Per l’Italia si inizia un nuovo periodo storico di decisiva importanza. All’opera immane di ricostruzione politica e sociale dovranno concorrere, con spirito di disciplina e di abnegazione, tutte le energie vive della Nazione, non esclusi coloro i quali si siano purificati da fatali errori e da antiche colpe.
Dobbiamo avere la coscienza dell’unica forza di cui disponiamo: della nostra infrangibile unione. Con essa potremo superare le gigantesche difficoltà che s’ergono dinanzi a noi; senza di essa precipiteremo nell’abisso per non risollevarci mai più.
I partiti, che sono la necessaria condizione di vita dei governi parlamentari, dovranno procedere, nelle lotte per il fine comune del pubblico bene, secondo il monito di un grande stratega: marciare divisi per combattere uniti .
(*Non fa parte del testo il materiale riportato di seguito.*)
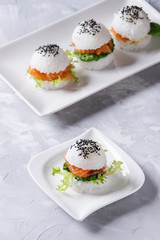 Mini rice sushi burgers with smoked salmon, green salad and sauces, black sesame served on white square plate over gray concrete background. Modern healthy food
La grandezza morale di un popolo si misura dal coraggio con cui esso subisce le avversità della sorte, sopporta le sventure, affronta i pericoli, trasforma gli ostacoli in alimento di propositi e azione, va incontro al suo incerto avvenire. La nostra volontà gareggerà con la nostra fede. E l’Italia, rigenerata dai dolori e fortificata dai sacrifici, riprenderà il suo cammino di ordinato progresso nel mondo, perché il suo genio è immortale.
Ogni umiliazione inflitta al suo onore, alla sua indipendenza, alla sua unità provocherebbe non il crollo di una Nazione, ma il tramonto di una civiltà: se ne ricordino Coloro che sono oggi gli arbitri dei suoi destini.
Se è vero che il popolo italiano partecipò a una guerra, che, come gli Alleati più volte riconobbero, nel periodo più acuto e più amaro delle ostilità, gli fu imposta contro i suoi sentimenti, le sue aspirazioni e i suoi interessi, non è men vero che esso diede un contributo efficace alla vittoria definitiva, sia con generose iniziative, sia con tutti i mezzi che gli furono richiesti, meritando il solenne riconoscimento, da Chi aveva il diritto e l’autorità per tributarlo, dei preziosi servigi resi continuamente e con fermezza alla causa comune, nelle forze armate in aria, sui mari, in terra e dietro le linee nemiche.
La vera pace, disse un saggio, è quella delle anime. Non si costruisce un nuovo ordinamento internazionale, saldo e sicuro, sulle ingiustizie che non si dimenticano e sui rancori che ne sono l’inevitabile retaggio.
La Costituzione della Repubblica italiana , che mi auguro sia approvata dall’Assemblea, col più largo suffragio, entro il termine ordinario preveduto dalla legge, sarà certamente degna delle nostre gloriose tradizioni giuridiche, assicurerà alle generazioni future un regime di sana e forte democrazia, nel quale i diritti dei cittadini e i poteri dello Stato siano egualmente garantiti, trarrà dal passato salutari insegnamenti, consacrerà per i rapporti economico-sociali i principi fondamentali, che la legislazione ordinaria, attribuendo al lavoro il posto che gli spetta nella produzione e nella distribuzione della ricchezza nazionale, dovrà in seguito svolgere e disciplinare.
Accingiamoci, dunque, alla nostra opera senza temerarie esaltazioni e senza sterili scoramenti, col grido che erompe dai nostri cuori, pervasi dalla tristezza dell’ora ma ardenti sempre di speranza e di amore per la Patria.
Che Iddio acceleri e protegga la resurrezione d’Italia!”